Dass Apple selbst Tastaturen mit Firmwareupdates versorgt, wird für den Hersteller ein Problem. So könnten böse Zeitgenossen die Firmware anpassen und etwa die Keyboards entweder mit einer Schadfirmware ausliefern oder nachträglich etwa in einem Büro Tastaturen manipulieren.

Angriffen sind allerdings enge Grenzen gesetzt. Der integrierte 8-Bit-Microcontroller der Tastatur hat gerade mal 256 Byte RAM und 8 KByte Flashspeicher. Von dem Flashspeicher stehen laut Chen einem Firmwareprogramm rund 1 KByte zur Verfügung. Genug Platz, um zumindest Teile der Tastatureingaben aufzuzeichnen und so etwa ein wichtiges Passwort abzugreifen und anschließend weiterzuversenden.

Derartige Exploits können vom Anwender zudem nicht ohne weiteres beseitigt werden, sofern er davon überhaupt etwas mitbekommt. Eine Neuinstallation des Betriebssystems hilft nicht.

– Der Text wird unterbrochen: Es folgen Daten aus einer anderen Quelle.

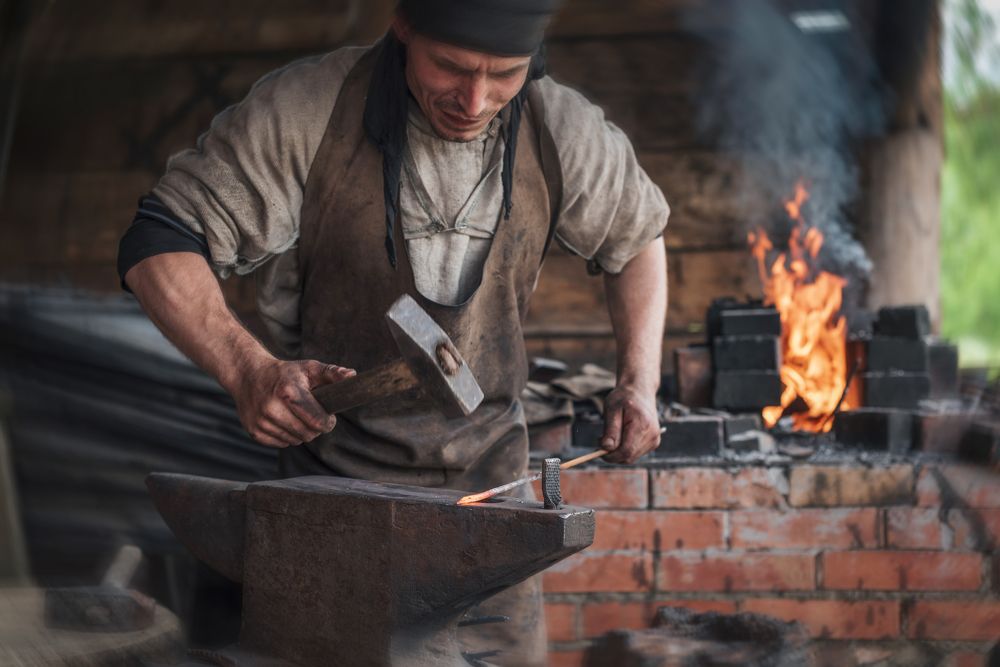 Мастер кузнец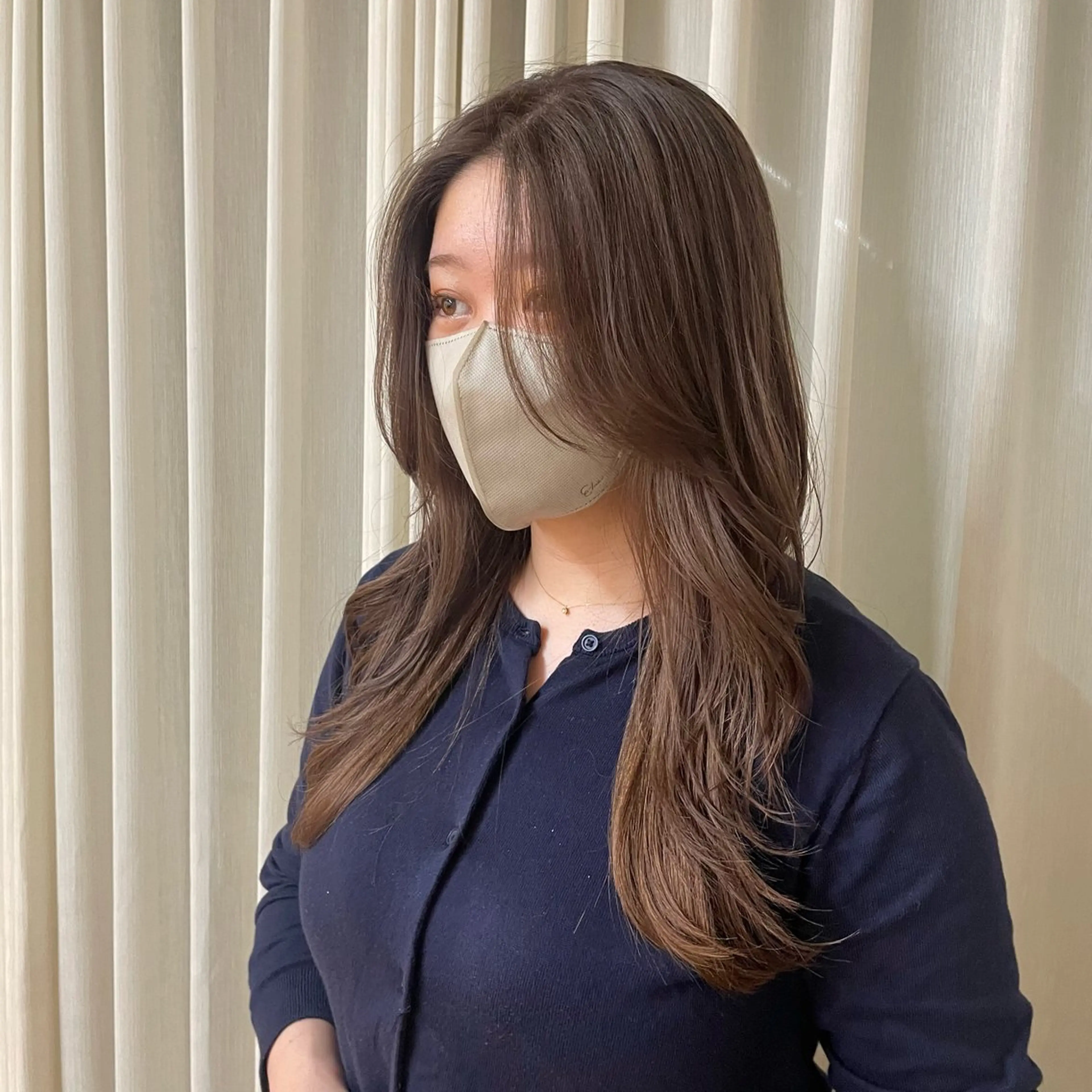 ロング カラー ヘアアレンジ ブリーチ 透明感カラー カット ヘアカラー トリートメント mina / 透明感ベージュカラーのヘアスタイル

Nur das Aufspielen der offiziellen Apple-Firmware beseitigt das Problem bis zum nächsten Angriff auf die Tastatur.

Die Empfehlung von Chen: Apple-Tastaturen sollten nicht in Rechenzentren eingesetzt werden. Gerade in Shared-Hosting-Umgebungen bietet ein Apple-Keyboard eine möglichen Angriffspunkt. Betroffen sind allerdings auch Macbooks und Macbook Pros, deren Keyboard-Firmware sich ebenfalls - unabhängig von der EFI - flashen lässt. Außerdem lässt sich ein Apple-Keyboard mit den Hacks auch dauerhaft außer Betrieb nehmen. Entsprechenden Code will Chen allerdings nicht veröffentlichen und hofft darauf, dass Apple rechtzeitig seine Tastaturen patcht. Chen hat auf der Blackhat der Presse allerdings das Angebot gemacht, dies zu demonstrieren. Allerdings laut Präsentation nur auf einer "Bring-your-own-Keyboard"-Basis. Ob tatsächlich Keyboards von Chen außer Dienst gestellt wurden, lässt die Präsentation offen.

Chen kann sich nur schwer vorstellen, warum Apple bei einem simplen Design wie einem Keyboard überhaupt einen derartigen Mechanismus braucht. Er glaubt, dass es noch viele weitere Geräte gibt, deren Firmware-Update-Mechanismen sich für Angriffe eignen.

Die komplette Präsentation (PDF) gibt es auf der Webseite der Blackhat-Konferenz genauso wie eine detaillierte Erklärung des Angriffsszenarios.